• _To do_:
Exactly as they stand, write out all of the entries again.

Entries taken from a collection

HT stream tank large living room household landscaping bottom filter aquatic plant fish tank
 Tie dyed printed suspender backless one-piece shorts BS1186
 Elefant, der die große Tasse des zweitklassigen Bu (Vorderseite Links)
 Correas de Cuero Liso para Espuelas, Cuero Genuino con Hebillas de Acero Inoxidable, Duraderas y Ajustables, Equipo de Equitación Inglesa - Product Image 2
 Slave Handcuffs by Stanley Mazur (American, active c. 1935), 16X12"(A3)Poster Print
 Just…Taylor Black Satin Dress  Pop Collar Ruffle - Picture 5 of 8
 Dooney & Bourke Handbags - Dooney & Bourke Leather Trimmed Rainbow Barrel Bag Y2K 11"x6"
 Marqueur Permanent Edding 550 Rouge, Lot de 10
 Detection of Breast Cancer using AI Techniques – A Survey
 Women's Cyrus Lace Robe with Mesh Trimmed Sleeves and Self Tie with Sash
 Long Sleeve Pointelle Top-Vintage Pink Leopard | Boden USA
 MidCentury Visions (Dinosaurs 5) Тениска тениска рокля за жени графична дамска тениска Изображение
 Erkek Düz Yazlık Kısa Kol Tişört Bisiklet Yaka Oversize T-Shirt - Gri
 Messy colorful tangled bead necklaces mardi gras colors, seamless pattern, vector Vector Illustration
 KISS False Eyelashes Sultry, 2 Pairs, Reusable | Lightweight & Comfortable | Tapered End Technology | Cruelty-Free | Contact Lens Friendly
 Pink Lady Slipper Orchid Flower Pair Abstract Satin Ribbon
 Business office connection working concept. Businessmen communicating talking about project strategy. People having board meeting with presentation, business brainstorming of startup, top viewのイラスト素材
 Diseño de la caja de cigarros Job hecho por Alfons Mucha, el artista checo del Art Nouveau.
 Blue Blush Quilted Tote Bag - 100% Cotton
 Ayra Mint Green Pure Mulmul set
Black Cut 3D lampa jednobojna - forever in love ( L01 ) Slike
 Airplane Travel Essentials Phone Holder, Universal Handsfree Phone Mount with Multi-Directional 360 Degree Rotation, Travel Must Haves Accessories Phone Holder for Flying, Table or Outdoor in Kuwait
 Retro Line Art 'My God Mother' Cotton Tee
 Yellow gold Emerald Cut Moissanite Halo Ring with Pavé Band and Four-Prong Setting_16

• _Completed exercise_:
HT stream tank large living room household landscaping bottom filter aquatic plant fish tank
 Tie dyed printed suspender backless one-piece shorts BS1186
 Elefant, der die große Tasse des zweitklassigen Bu (Vorderseite Links)
 Correas de Cuero Liso para Espuelas, Cuero Genuino con Hebillas de Acero Inoxidable, Duraderas y Ajustables, Equipo de Equitación Inglesa - Product Image 2
 Slave Handcuffs by Stanley Mazur (American, active c. 1935), 16X12"(A3)Poster Print
 Just…Taylor Black Satin Dress  Pop Collar Ruffle - Picture 5 of 8
 Dooney & Bourke Handbags - Dooney & Bourke Leather Trimmed Rainbow Barrel Bag Y2K 11"x6"
 Marqueur Permanent Edding 550 Rouge, Lot de 10
 Detection of Breast Cancer using AI Techniques – A Survey
 Women's Cyrus Lace Robe with Mesh Trimmed Sleeves and Self Tie with Sash
 Long Sleeve Pointelle Top-Vintage Pink Leopard | Boden USA
 MidCentury Visions (Dinosaurs 5) Тениска тениска рокля за жени графична дамска тениска Изображение
 Erkek Düz Yazlık Kısa Kol Tişört Bisiklet Yaka Oversize T-Shirt - Gri
 Messy colorful tangled bead necklaces mardi gras colors, seamless pattern, vector Vector Illustration
 KISS False Eyelashes Sultry, 2 Pairs, Reusable | Lightweight & Comfortable | Tapered End Technology | Cruelty-Free | Contact Lens Friendly
 Pink Lady Slipper Orchid Flower Pair Abstract Satin Ribbon
 Business office connection working concept. Businessmen communicating talking about project strategy. People having board meeting with presentation, business brainstorming of startup, top viewのイラスト素材
 Diseño de la caja de cigarros Job hecho por Alfons Mucha, el artista checo del Art Nouveau.
 Blue Blush Quilted Tote Bag - 100% Cotton
 Ayra Mint Green Pure Mulmul set
Black Cut 3D lampa jednobojna - forever in love ( L01 ) Slike
 Airplane Travel Essentials Phone Holder, Universal Handsfree Phone Mount with Multi-Directional 360 Degree Rotation, Travel Must Haves Accessories Phone Holder for Flying, Table or Outdoor in Kuwait
 Retro Line Art 'My God Mother' Cotton Tee
 Yellow gold Emerald Cut Moissanite Halo Ring with Pavé Band and Four-Prong Setting_16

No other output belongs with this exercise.